START Information supplied

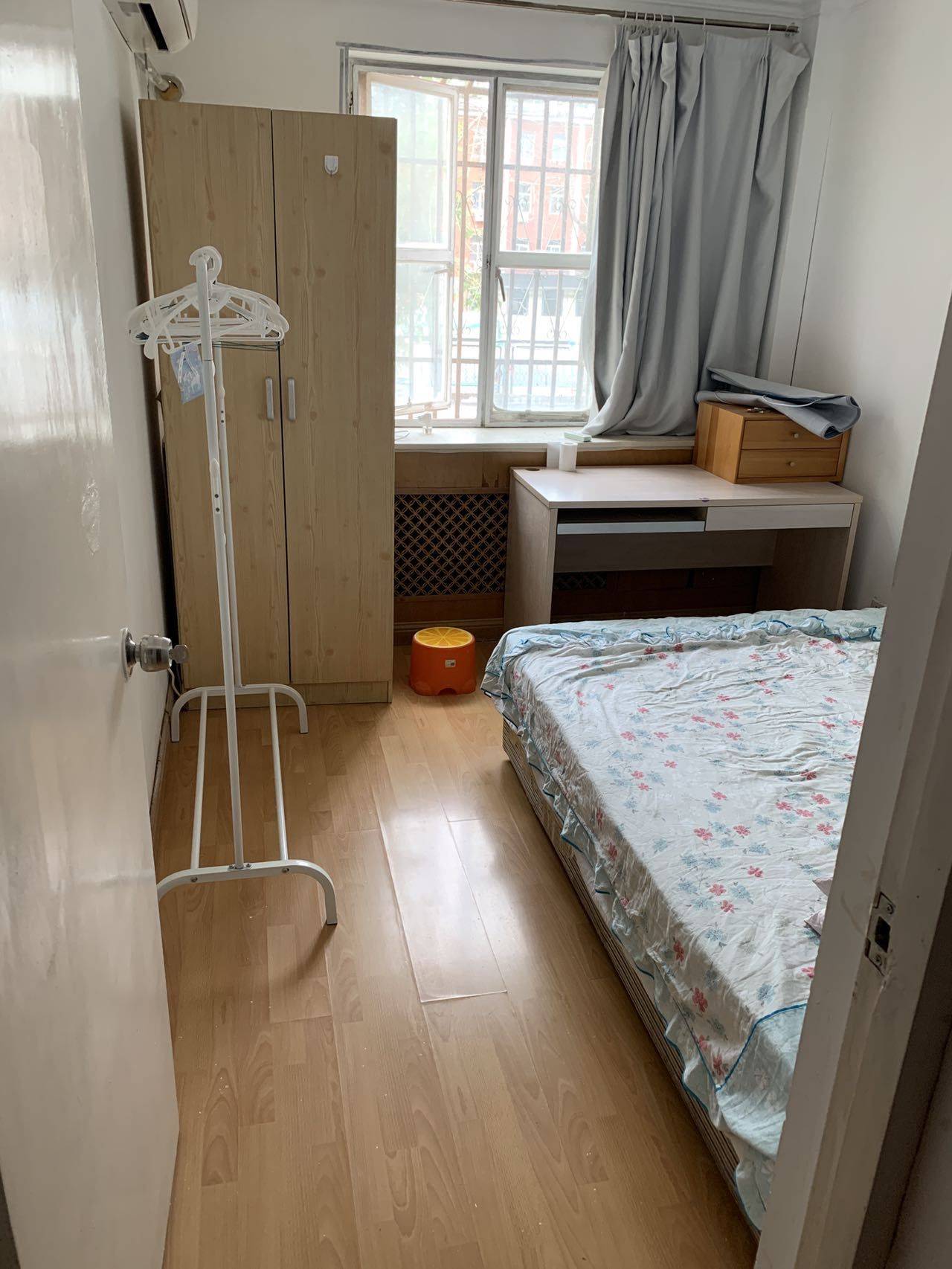 Beijing-Chaoyang-Cozy Home,Clean&Comfy,No Gender Limit,Hustle & Bustle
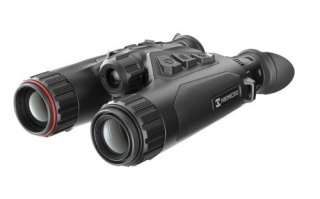 Lornetka termowizyjna termowizor Hikmicro Habrok 4K HE25L LRF 850nm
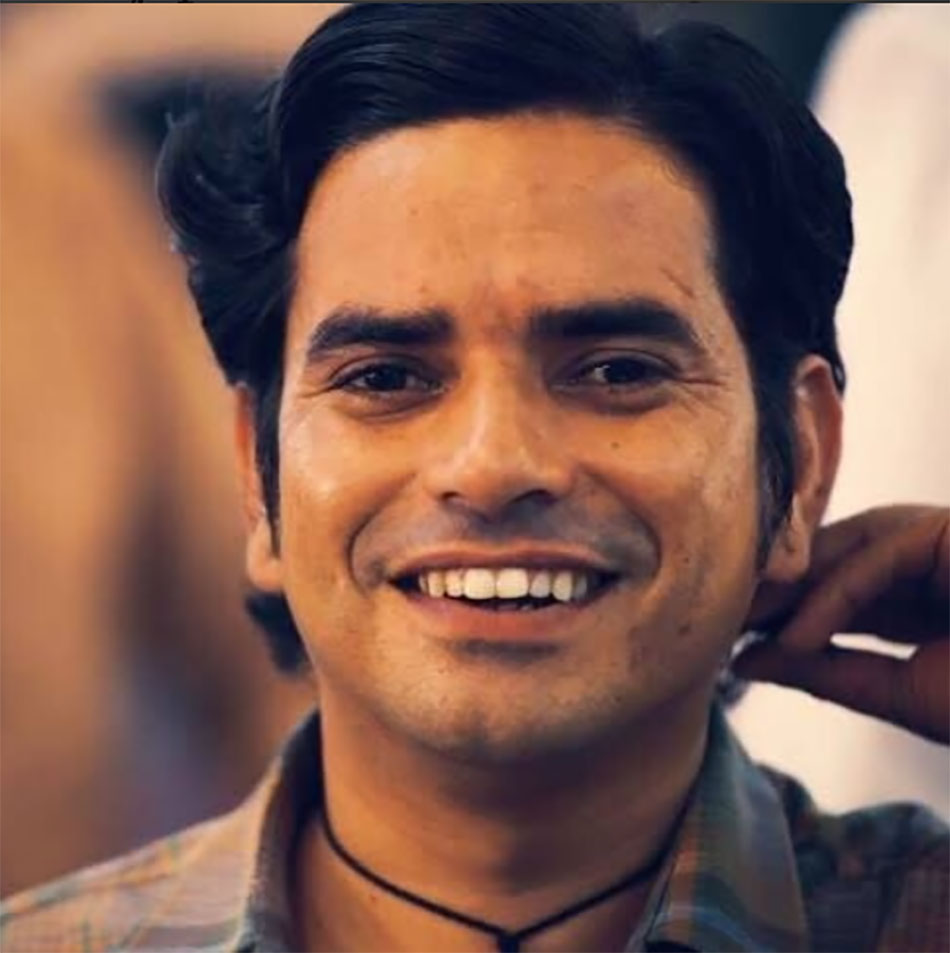  ब्रह्मा मिश्रा 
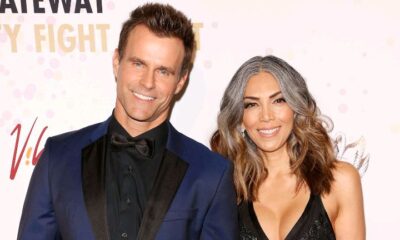 Breaking News: Cameron Mathison and Wife Vanessa Split After 22 Years of Marriage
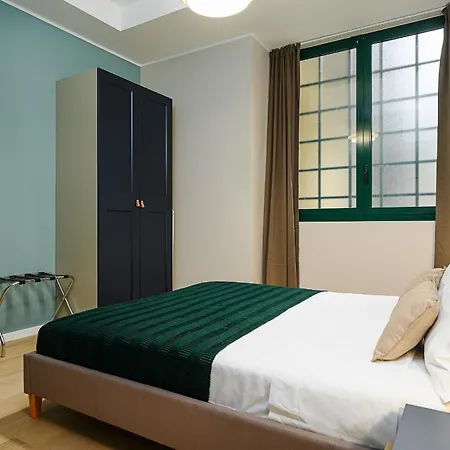 In Porta Garibaldi & Chinatown - Center Well Connected Appartamento *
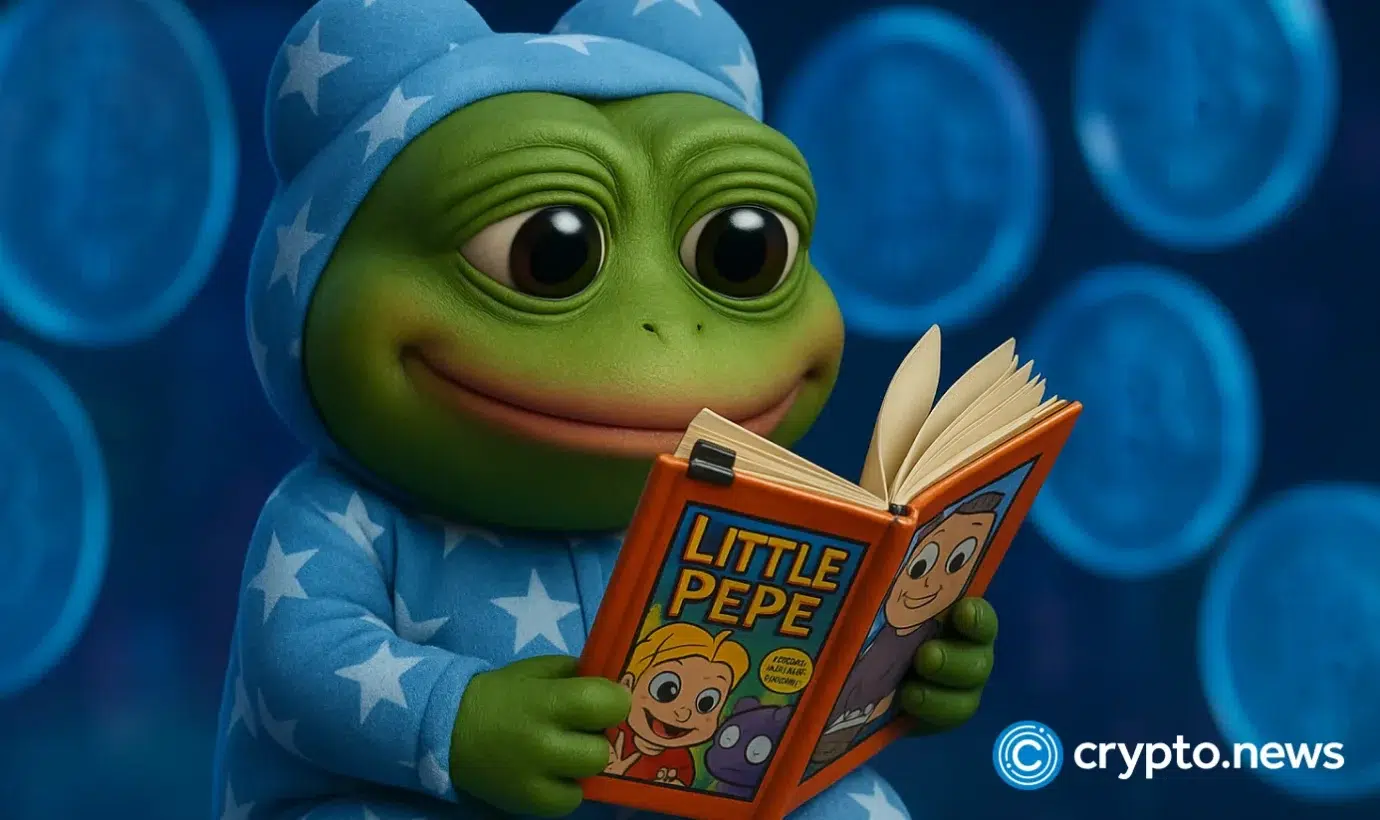 AI forecasts how high Little Pepe could go by 2030: LILPEPE buying guide - 1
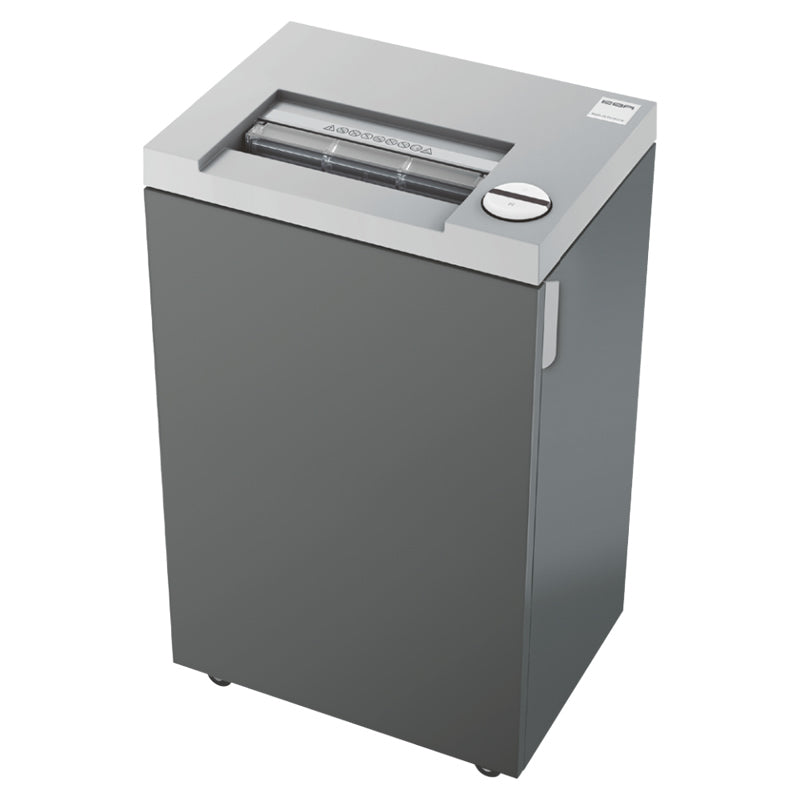 Deskside Shredder EBA 1624 – P2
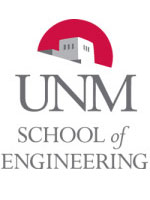 UNM School of Engineering logo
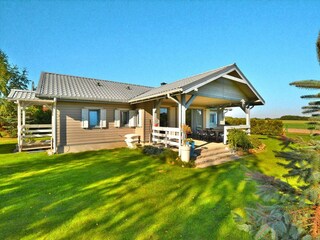 Vakantiepark Welt Buitenaudio-opname 5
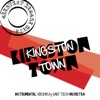 Greatest Reggae Hits (Kingston Town)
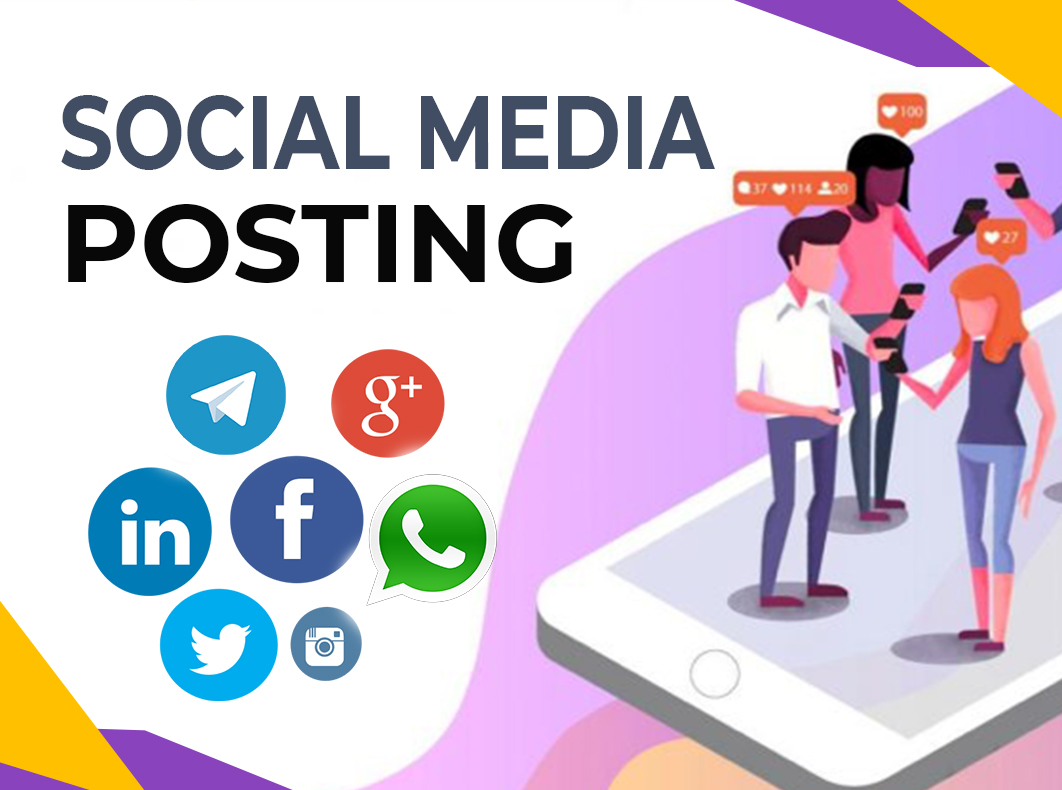As melhores idéias de conteúdo de mídia social para 2021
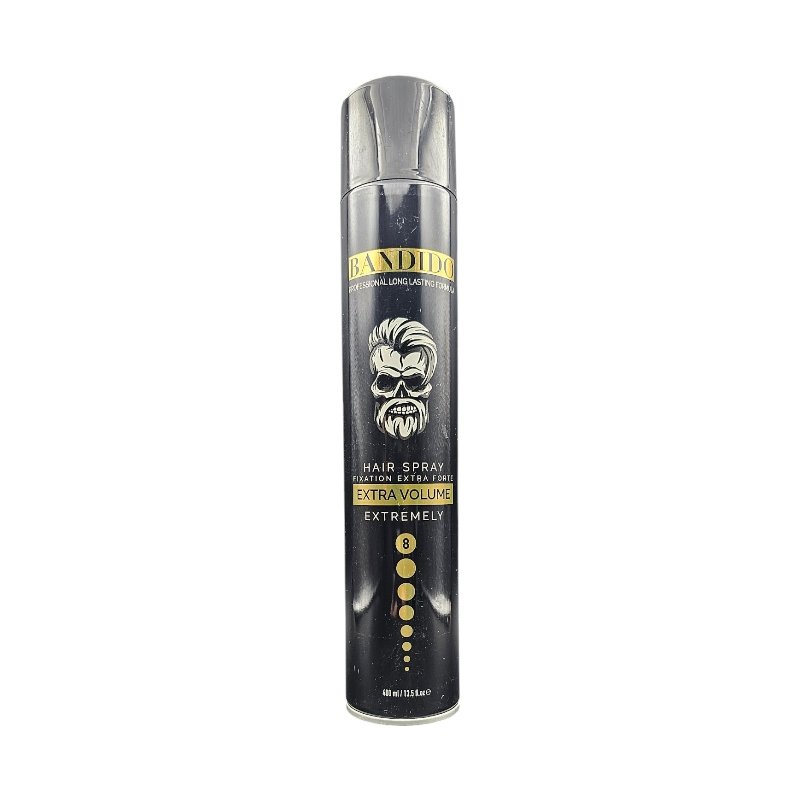 BANDIDOU LAQUE 400ML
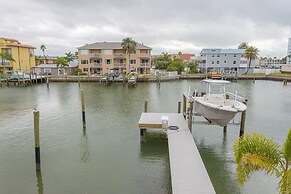 Waterfront & Pool A Star5vacations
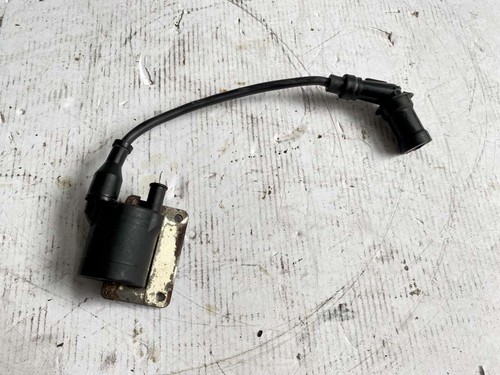 Bobine piaggio vespa - vespa, et4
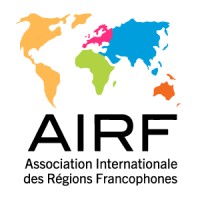 Association internationale des Régions francophones (AIRF) logo - Similar company to Ihest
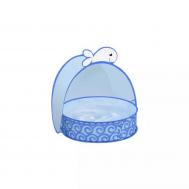 Детский бассейн 78х68x60см, от 2 лет  Pop-Up n' Splash, с навесом 52577 Bestway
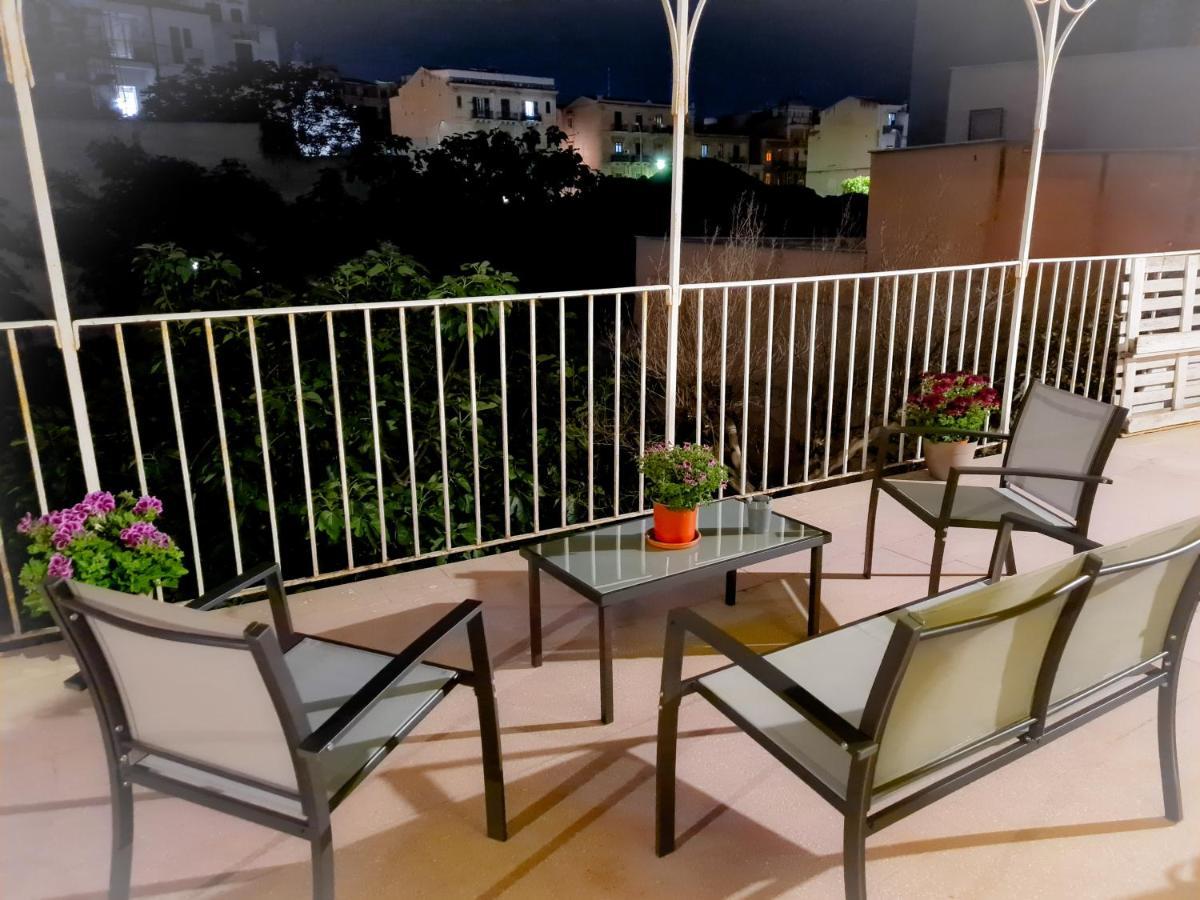 Alina Guest House Palerme Extérieur photo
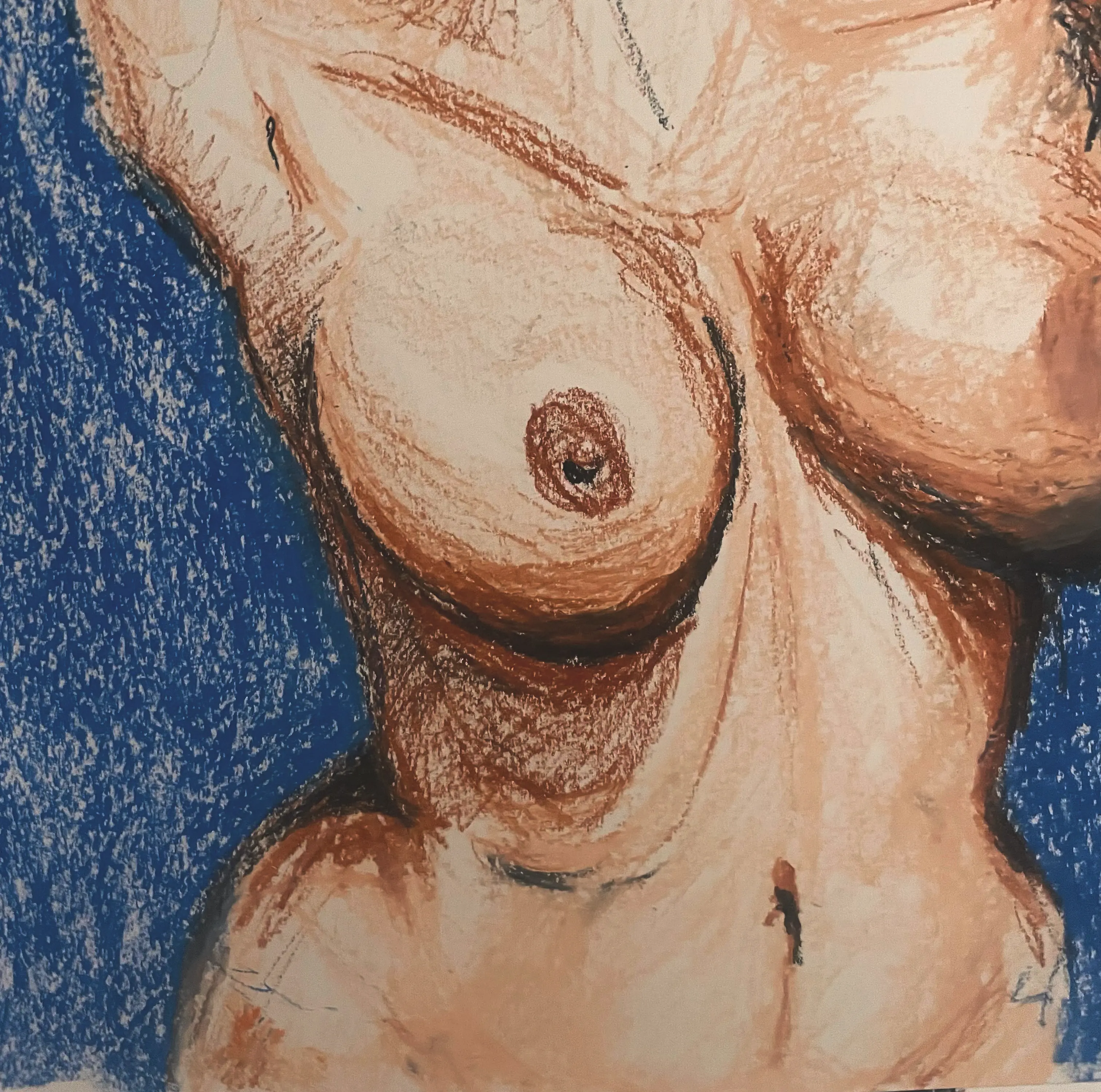 The Nude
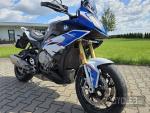 Klikněte pro detailní foto č. 3 - BMW S 1000 XR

END Information supplied

(Description of the task) Exact repeat of the material above: every line from the one with "AI forecasts how" through the one with "As melhores idéias", endpoints included, and nothing more. No pictures.

(Result for this task)
 AI forecasts how high Little Pepe could go by 2030: LILPEPE buying guide - 1
 Deskside Shredder EBA 1624 – P2
 UNM School of Engineering logo
 Vakantiepark Welt Buitenaudio-opname 5
 Greatest Reggae Hits (Kingston Town)
As melhores idéias de conteúdo de mídia social para 2021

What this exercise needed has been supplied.